弱気なロボットを開発している人がいるという。ロボットというとなんでも自動で全部やってくれる便利な機械を想像するが、”弱気な”ロボットはちょっと違うらしい。最後まできちんとやってくれなかったり、「それはちょっと難しいです」などと弱音を吐くことがあるという。

完璧に仕事をこなす部下がいれば自分にとってそれは便利で都合のいいことだが、全部を任せていつも丸投げをしていると自分で考えて行動する力は弱まってくる。

例えば、そのゴミ箱の形をした自動ロボットは自分で歩き回ってゴミを見つけたら、落ちているゴミのそばで立ち止まって誰かが拾ってゴミ箱に入れてくれるのを待っているのだそうだ。最後は誰かがゴミを拾って自分の中に捨ててくれるのを待っている。

やってもらえるのを待っていることで人はつい「手伝ってあげよう」と思うらしい。もちろん面倒すぎることなら知らんぷりしても簡単なことならやってあげたくなるものなのだという。

今の日本では、特に都会では誰かに何かをやってあげようという気持ちになることが少ない。ゴミ箱の前に空き缶が落ちていても「ちゃんと捨てろよ」とは思ってもそれを拾ってゴミ箱に捨てる人はほとんどいない。

信号機のない横断歩道で立ち止まって待っていても止まってくれる車は少ない。日本人は誰かのためにちっとだけ手を貸してあげることもしなくなってしまった。
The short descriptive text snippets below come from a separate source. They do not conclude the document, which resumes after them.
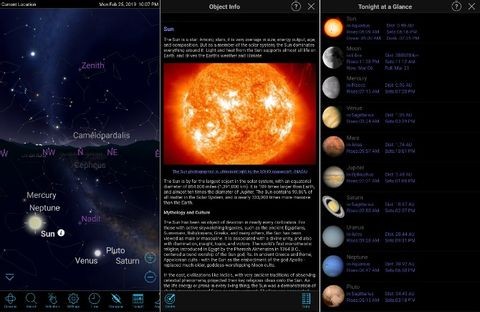 The 10 Best Astronomy Apps for Enjoying the Night Sky
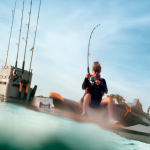 Sea-Doo FishPro Sport: гідроцикл для риболовлі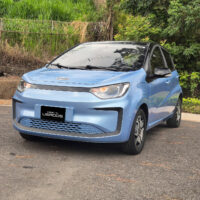 JAC e-JS1
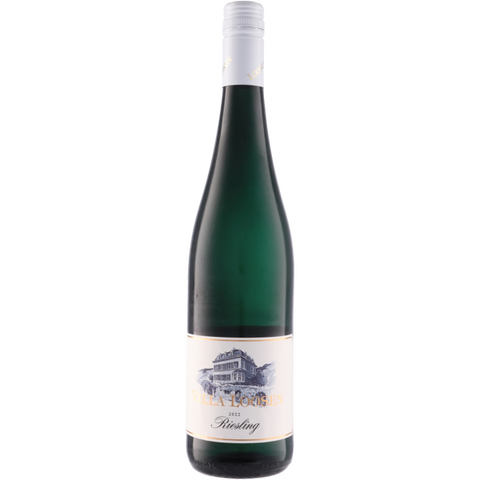 Weingut Dr. Loosen Villa Loosen Mosel Riesling 2022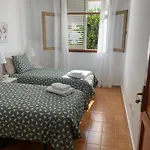 Casa De La Plaza San Mateo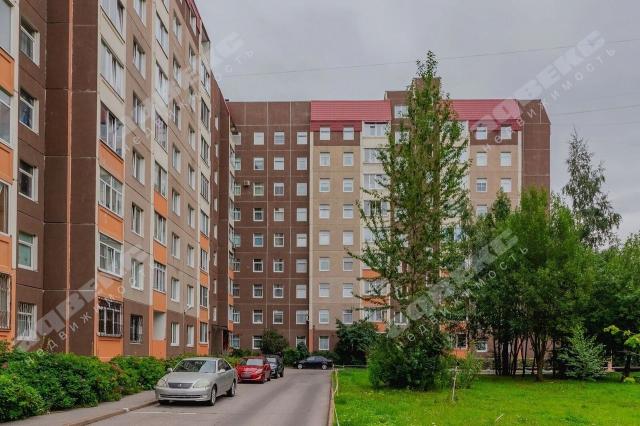 Пятилеток пр., 17к4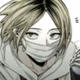 Kozume kenma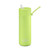 Ceramic Reusable Bottle (Straw) 20oz / 595ml Pistachio Green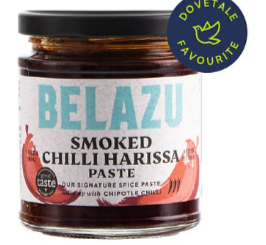 Rose Harissa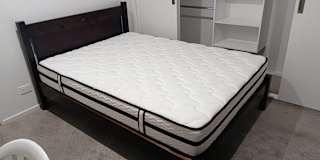 Chandra's room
小さな子供でも、ダメなロボットを自分が手伝ってお世話しているときは自信満々の得意げな表情になる。人は生まれながらにそんな優しい心を持っていて、それを行動に移すことで自分の自尊心を満たしているのかもしれない。もちろん自尊心のためにやる打算的な人ばかりではないが、たとえ自尊心のためであってもそれを行動に移せる人はステキだと思う。

時々弱音を吐く”弱いロボット”がそんな人の心を思い出させてくれるのなら、まんざら捨てたものではないと思う。